It includes reducing leakage, improving reuse, harvesting rainwater and managing demand through better planning and pricing. Crucially, it highlights the need for baseline data, clear targets and regular monitoring to ensure that efficiency gains are real and measurable.
At the national level, the Bureau of Water Use Efficiency has been set up under the National Water Mission to develop water conservation codes, efficiency standards and guidance for water-using fixtures and equipment. While this marks progress, BIS-aligned standards and urban conservation codes are still being finalised. As a result, mandatory enforcement across cities has yet to begin.
Some cities, including Delhi, have initiated steps towards better measurement and demand management. In the NDMC area, a Rs 31-crore project to install over 20,000 smart water meters has been approved to improve billing accuracy, leak detection and monitoring of consumption, with completion expected by 2026. Smart-meter-based billing reforms have also been proposed under the Delhi Jal Board.
However, there is still no publicly reported evidence of a citywide reduction in non-revenue water. Smart metering, network zoning and leak-control systems have not been implemented across the entire city. This gap between policy intent and on-ground outcomes explains why Delhi’s water losses remain extremely high despite multiple initiatives.
Delhi’s water situation: Stress, losses, pollution
Delhi’s water crisis is shaped by three interconnected problems: high losses, excessive consumption and poor wastewater management.
The city depends heavily on water imported from the Yamuna and Ganga basins, yet many neighbourhoods face irregular and unreliable supply. A major reason is that a large share of treated water never reaches users. The Economic Survey of Delhi 2023–24 estimates that around 58 per cent of the city’s water is non-revenue water, lost through leaks, illegal connections and poor metering. Media reports place losses at around 55 per cent, largely due to ageing pipelines and weak system control.

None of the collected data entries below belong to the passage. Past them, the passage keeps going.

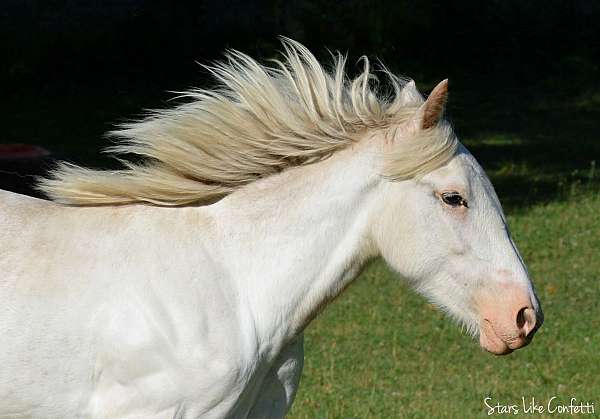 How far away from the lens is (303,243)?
3.71 metres

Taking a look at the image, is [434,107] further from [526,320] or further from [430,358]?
[430,358]

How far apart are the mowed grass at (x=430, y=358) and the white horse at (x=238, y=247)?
1648 millimetres

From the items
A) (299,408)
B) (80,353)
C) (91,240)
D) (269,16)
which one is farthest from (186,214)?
(269,16)

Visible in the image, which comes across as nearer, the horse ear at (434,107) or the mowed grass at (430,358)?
the horse ear at (434,107)

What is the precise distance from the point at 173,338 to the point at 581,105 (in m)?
15.0

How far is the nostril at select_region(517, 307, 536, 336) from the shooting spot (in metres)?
3.62

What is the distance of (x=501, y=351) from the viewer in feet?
12.1

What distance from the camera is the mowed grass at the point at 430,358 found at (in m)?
6.21

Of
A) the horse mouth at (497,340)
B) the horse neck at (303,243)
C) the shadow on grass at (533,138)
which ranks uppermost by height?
the horse neck at (303,243)

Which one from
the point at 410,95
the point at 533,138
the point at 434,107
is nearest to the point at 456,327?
the point at 410,95

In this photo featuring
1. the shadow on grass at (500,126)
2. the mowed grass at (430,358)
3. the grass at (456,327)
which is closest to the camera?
the mowed grass at (430,358)

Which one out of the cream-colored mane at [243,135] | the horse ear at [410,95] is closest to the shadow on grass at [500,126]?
the horse ear at [410,95]

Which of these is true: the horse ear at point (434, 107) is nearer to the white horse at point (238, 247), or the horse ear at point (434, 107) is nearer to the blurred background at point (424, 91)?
the white horse at point (238, 247)

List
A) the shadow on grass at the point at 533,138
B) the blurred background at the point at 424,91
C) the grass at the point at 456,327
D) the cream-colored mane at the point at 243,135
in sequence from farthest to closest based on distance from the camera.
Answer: the shadow on grass at the point at 533,138 → the blurred background at the point at 424,91 → the grass at the point at 456,327 → the cream-colored mane at the point at 243,135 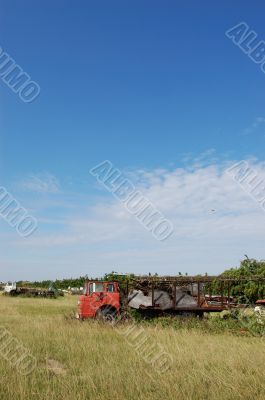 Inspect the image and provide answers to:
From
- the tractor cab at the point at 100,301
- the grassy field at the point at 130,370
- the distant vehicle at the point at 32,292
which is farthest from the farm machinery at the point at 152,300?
the distant vehicle at the point at 32,292

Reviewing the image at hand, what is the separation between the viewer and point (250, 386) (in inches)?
263

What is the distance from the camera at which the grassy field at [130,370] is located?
654cm

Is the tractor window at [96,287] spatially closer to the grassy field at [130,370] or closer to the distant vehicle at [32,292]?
the grassy field at [130,370]

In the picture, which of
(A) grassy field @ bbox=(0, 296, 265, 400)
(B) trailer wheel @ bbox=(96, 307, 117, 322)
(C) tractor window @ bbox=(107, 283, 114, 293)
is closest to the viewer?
(A) grassy field @ bbox=(0, 296, 265, 400)

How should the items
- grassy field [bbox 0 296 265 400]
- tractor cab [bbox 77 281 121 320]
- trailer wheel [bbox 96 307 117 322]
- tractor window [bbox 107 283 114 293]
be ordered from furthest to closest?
tractor window [bbox 107 283 114 293], tractor cab [bbox 77 281 121 320], trailer wheel [bbox 96 307 117 322], grassy field [bbox 0 296 265 400]

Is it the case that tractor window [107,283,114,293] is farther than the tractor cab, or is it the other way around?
tractor window [107,283,114,293]

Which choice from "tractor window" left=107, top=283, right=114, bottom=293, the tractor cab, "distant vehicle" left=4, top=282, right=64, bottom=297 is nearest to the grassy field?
the tractor cab

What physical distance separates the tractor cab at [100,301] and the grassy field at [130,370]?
14.0 feet

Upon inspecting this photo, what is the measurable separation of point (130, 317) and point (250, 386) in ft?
32.3

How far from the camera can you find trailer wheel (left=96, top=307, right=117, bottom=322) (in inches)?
640

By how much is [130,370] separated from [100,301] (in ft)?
28.7

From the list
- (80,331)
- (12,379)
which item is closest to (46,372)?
(12,379)

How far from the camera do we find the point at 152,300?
1627 centimetres

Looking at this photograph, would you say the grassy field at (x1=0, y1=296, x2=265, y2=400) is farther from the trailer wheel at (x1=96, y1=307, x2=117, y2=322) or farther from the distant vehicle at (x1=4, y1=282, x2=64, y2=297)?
the distant vehicle at (x1=4, y1=282, x2=64, y2=297) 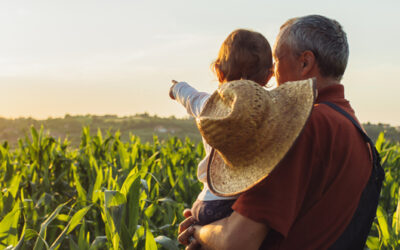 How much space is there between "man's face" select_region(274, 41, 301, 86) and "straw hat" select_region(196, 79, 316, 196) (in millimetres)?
204

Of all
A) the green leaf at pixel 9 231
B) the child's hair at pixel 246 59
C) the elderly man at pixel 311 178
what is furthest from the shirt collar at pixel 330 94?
the green leaf at pixel 9 231

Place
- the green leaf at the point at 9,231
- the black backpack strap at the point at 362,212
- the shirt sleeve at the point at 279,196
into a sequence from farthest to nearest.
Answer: the green leaf at the point at 9,231
the black backpack strap at the point at 362,212
the shirt sleeve at the point at 279,196

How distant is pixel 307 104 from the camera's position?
4.26 feet

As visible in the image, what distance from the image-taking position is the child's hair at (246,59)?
6.53 ft

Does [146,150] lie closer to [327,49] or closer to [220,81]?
[220,81]

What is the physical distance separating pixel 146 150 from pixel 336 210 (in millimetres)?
5167

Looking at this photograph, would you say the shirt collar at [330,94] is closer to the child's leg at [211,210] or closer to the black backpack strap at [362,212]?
the black backpack strap at [362,212]

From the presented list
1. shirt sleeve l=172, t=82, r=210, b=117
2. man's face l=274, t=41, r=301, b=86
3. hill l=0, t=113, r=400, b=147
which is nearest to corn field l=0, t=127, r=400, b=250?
shirt sleeve l=172, t=82, r=210, b=117

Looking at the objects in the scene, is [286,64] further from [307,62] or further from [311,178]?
[311,178]

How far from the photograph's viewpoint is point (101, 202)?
249cm

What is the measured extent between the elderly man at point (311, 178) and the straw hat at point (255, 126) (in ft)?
0.13

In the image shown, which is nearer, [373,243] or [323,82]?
[323,82]

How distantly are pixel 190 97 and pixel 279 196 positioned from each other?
1135mm

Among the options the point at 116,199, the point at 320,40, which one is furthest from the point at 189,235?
the point at 320,40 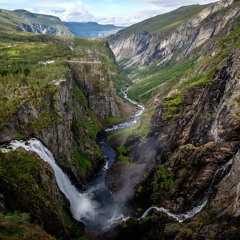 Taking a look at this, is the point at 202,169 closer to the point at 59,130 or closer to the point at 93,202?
the point at 93,202

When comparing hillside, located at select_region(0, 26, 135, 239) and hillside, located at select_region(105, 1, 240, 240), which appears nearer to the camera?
hillside, located at select_region(105, 1, 240, 240)

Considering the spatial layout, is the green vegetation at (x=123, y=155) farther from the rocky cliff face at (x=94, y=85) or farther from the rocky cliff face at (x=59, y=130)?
the rocky cliff face at (x=94, y=85)

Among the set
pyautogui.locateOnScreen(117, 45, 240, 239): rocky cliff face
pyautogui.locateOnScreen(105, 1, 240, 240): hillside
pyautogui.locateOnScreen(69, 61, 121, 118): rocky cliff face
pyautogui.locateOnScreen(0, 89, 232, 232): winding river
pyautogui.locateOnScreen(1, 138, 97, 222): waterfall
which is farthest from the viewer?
pyautogui.locateOnScreen(69, 61, 121, 118): rocky cliff face

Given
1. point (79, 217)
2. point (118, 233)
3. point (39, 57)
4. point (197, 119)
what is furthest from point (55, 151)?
point (39, 57)

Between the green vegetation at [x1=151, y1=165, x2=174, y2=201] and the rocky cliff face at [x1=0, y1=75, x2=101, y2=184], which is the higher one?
the rocky cliff face at [x1=0, y1=75, x2=101, y2=184]

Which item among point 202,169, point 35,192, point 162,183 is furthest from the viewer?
point 162,183

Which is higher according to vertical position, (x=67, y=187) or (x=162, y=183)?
(x=162, y=183)

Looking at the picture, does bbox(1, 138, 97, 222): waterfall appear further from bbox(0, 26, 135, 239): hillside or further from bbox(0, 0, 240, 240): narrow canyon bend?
bbox(0, 26, 135, 239): hillside

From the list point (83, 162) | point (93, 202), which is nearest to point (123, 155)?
point (83, 162)

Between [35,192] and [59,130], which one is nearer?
[35,192]

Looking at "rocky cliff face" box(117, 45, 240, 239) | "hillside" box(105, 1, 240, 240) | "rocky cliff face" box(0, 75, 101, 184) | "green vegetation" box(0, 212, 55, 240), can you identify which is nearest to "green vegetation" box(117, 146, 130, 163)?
"hillside" box(105, 1, 240, 240)
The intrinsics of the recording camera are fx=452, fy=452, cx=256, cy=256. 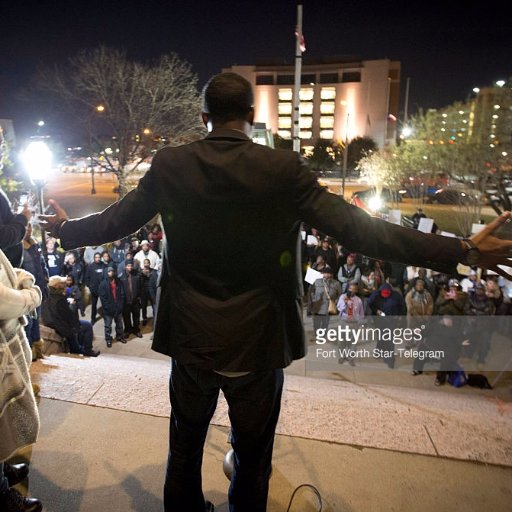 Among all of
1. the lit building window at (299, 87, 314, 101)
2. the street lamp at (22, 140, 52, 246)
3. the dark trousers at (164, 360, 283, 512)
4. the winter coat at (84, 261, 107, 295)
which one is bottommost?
the winter coat at (84, 261, 107, 295)

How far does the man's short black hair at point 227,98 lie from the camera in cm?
160

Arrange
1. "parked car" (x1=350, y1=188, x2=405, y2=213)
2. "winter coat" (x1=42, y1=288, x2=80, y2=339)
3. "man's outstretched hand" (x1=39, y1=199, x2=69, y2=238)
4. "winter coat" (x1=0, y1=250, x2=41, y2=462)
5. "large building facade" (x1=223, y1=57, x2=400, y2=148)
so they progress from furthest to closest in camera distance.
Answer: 1. "large building facade" (x1=223, y1=57, x2=400, y2=148)
2. "parked car" (x1=350, y1=188, x2=405, y2=213)
3. "winter coat" (x1=42, y1=288, x2=80, y2=339)
4. "winter coat" (x1=0, y1=250, x2=41, y2=462)
5. "man's outstretched hand" (x1=39, y1=199, x2=69, y2=238)

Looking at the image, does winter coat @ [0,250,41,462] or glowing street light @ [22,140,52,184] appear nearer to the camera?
winter coat @ [0,250,41,462]

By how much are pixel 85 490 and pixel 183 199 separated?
171 centimetres

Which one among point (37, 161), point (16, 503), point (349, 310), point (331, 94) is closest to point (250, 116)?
point (16, 503)

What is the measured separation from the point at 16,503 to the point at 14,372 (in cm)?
62

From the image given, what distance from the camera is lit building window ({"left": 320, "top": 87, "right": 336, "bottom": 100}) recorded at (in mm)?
79938

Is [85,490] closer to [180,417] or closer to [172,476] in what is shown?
[172,476]

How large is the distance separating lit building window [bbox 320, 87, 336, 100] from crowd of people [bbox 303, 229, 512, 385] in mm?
76134

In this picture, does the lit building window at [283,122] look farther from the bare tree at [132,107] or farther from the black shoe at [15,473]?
the black shoe at [15,473]

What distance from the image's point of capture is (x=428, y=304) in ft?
→ 27.9

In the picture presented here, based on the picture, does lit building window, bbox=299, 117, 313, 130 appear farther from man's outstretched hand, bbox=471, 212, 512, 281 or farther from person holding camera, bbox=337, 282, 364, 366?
man's outstretched hand, bbox=471, 212, 512, 281

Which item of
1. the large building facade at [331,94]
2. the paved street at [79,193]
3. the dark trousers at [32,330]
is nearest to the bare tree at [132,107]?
the paved street at [79,193]

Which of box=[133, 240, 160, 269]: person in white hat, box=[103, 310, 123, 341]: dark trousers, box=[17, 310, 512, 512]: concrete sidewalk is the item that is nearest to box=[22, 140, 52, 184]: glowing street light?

In effect, more than half the water Delhi treats disappears before it can be used, creating an artificial scarcity.
At the same time, over-consumption is widespread in affluent colonies, hotels, offices and government buildings, where water use far exceeds the national service norm of 135 litres per person per day. Large volumes are spent on watering lawns, washing vehicles, cooling and other non-essential uses, as documented in CSE’s water-efficiency and fixture-use studies.